Dual agency describes a situation wherein a one real estate agent represents both the buyer and the seller in the same transaction. Since agency requires the agent to uphold duties of confidentiality, loyalty and full disclosure, dual agency requires consent of both parties to the limitation of those duties in the interest of the other party. For instance, if an agent promises a duty of loyalty to a seller he would have a duty to get the seller the highest price for the real estate. If an agent promises a duty of loyalty to a buyer, he would have a duty to get the property for the lowest price. If an agent represents both parties, the duties conflict and limit each other. Each party must consent to that in writing.
Obviously, then, the dual agency relationship is limited in that the agent must act impartially; the agent cannot preference the interest of the buyer over the seller or vice versa. As well, the duty of disclosure is quite limited in a dual agency situation. The agent may not reveal to the seller how much the buyer is willing to pay for the property; they may not reveal how much the seller would be willing to accept for the property; and they may not reveal to one party variant terms to which the other party will agree. Some disclosures, such as motivation and personal information, are prohibited unless authorized by the party effected. As always, however, the agent must disclose to the buyer defects about the physical condition of the property that are known to them.
Dual agency is not illegal, but many think it’s a bad idea – particularly for the buyer. First, most dual agents are seller’s agents when not acting under dual agency. Their normal practice is to act in favor sellers, and those usual behaviors can be hard to shake in a dual agency transaction. Second, the agent’s interest is naturally more aligned with the seller than with the buyer because the agent works on commission – the higher the sales price, the greater the commission. Of course, this is true for all real estate agents, whether they are buyer’s or seller’s agents.

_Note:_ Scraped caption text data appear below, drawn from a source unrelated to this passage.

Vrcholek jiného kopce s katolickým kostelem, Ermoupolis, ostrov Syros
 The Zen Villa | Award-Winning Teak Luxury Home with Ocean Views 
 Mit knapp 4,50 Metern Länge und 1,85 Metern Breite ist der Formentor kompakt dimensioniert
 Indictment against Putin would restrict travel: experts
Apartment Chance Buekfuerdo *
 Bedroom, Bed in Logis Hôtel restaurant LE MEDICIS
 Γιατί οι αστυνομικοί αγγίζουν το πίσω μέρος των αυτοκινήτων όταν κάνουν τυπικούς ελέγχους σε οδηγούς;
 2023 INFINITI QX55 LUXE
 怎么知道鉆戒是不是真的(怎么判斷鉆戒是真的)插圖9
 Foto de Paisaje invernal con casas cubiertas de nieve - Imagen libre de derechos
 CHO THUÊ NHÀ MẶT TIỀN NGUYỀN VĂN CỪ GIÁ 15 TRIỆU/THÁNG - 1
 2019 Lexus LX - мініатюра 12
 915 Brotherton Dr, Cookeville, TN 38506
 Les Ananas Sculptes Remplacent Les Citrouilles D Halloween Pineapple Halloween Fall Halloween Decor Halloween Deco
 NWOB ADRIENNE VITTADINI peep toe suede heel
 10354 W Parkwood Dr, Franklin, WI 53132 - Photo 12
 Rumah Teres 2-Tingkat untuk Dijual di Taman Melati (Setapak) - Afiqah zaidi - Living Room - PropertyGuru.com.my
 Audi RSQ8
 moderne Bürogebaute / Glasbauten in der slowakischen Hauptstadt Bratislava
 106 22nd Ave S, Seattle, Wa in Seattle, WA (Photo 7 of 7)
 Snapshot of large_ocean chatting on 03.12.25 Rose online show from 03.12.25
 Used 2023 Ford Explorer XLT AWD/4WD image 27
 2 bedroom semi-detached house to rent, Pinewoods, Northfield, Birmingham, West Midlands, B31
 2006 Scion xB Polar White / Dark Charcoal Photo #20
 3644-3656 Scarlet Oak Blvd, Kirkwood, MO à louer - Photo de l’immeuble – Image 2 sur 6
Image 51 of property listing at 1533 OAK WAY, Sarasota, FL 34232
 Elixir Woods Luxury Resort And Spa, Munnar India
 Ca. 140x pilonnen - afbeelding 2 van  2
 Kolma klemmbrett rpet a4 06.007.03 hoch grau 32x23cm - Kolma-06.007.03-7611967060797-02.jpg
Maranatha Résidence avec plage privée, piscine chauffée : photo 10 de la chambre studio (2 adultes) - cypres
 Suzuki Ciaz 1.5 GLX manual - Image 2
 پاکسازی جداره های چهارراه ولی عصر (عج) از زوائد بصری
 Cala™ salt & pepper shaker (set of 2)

Some states offer an agency option called designated agency. In this situation, the buyer and the seller are represented by two different agents who work for the same broker (which may still be considered dual agency if the state applies agency duties at the broker level, not the agent level). As soon as the buyer signs an agreement with an agent that agent is desginated as the buyer’s agent, so that it is clear who represents whom later in the transaction. Designated agency doesn’t change anything about dual agency, it just clarifies the roles a bit.